# Note
* The initial data preprocessing code (e.g., SMILES tokenization and .npy generation) was provided as part of the course materials. I used it to filter the dataset and create a smaller subset for training. However, the creation of the train.pkl that was used for evaluation was my own work. 

# Imports

In [None]:
import gzip
import numpy as np
import pickle

# Lang class

In [None]:
class Lang:
    '''Predefined mapping from characters to indices for our
    reduced alphabet of SMILES with methods for converting.
    You must use this mapping.'''

    def __init__(self):
        # $ is the end of sequence token
        # ^ is the start of sequence token, which should never be generated
        self.chartoindex = {'$': 0,'^': 1, 'C': 2, '(': 3,
                '=': 4, 'O': 5, ')': 6, '[': 7, '-': 8, ']': 9,
                'N': 10, '+': 11, '1': 12, 'P': 13, '2': 14,'3': 15,
                '4': 16, 'S': 17, '#': 18, '5': 19,'6': 20, '7': 21,
                'H': 22, 'I': 23, 'B': 24, 'F': 25, '8': 26, '9': 27
                }
        self.indextochar = {0: '$', 1: '^', 2: 'C', 3: '(',
                4: '=', 5: 'O', 6: ')', 7: '[', 8: '-', 9: ']',
                10: 'N', 11: '+', 12: '1', 13: 'P', 14: '2', 15: '3',
                16: '4', 17: 'S', 18: '#', 19: '5', 20: '6', 21: '7',
                22: 'H', 23: 'I', 24: 'B', 25: 'F', 26: '8', 27: '9'
                }
        self.nchars = 28

    def indexesFromSMILES(self, smiles_str):
        '''convert smiles string into numpy array of integers'''
        index_list = [self.chartoindex[char] for char in smiles_str]
        index_list.append(self.chartoindex["$"])
        return np.array(index_list, dtype=np.uint8)
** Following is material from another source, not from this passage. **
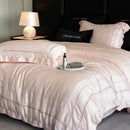 GobekUsa Light Champagne Luxury Embroidery Bedding Set with 1000TC Egyptian Cotton - 4Pcs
    def indexToSmiles(self,indices):
        '''convert list of indices into a smiles string'''
        smiles_str = ''.join(list(map(lambda x: self.indextochar[int(x)] if x != 0.0 else 'E',indices)))
        return smiles_str.split('E')[0] #Only want values before output $ end of sequence token


# SMILES Filtering: Count and Select Short Molecules for Training

In [None]:
max_length = 20
language = Lang()
data_path = 'training_zip_file'

In [None]:
N = 0
tot_N = 0

with gzip.open(data_path,'rt') as f:
    # N = sum(1 for line in f if len(line.rstrip()) < 50) # create a smaller dataset for faster training

    for line in f:
        tot_N += 1 # only for sanity check
        if len(line.rstrip()) < 20:
            N += 1 # create a smaller dataset for faster training

print(tot_N)
print(N)

## Create npy

In [None]:
examples = np.zeros((N,max_length),dtype=np.uint8)
with gzip.open(data_path,'rt') as f:
    idx = 0
    for i,line in enumerate(f):
        example = line.rstrip()

        if len(example) < 10:
            ex = language.indexesFromSMILES(example)
            examples[idx][:len(ex)] = ex
            idx += 1

print('Preprocessed data shape:',examples.shape)

In [None]:
np.save('train_data.npy',examples)

# Create a pickle

In [None]:
smiles_set = set()

# Read SMILES from data file.
with gzip.open(data_path, 'rt') as f:
    for line in f:
        smile = line.strip()
        if smile:
            smiles_set.add(smile)

# Save to a pickle
with open('train.pkl', 'wb') as f:
    pickle.dump(smiles_set, f)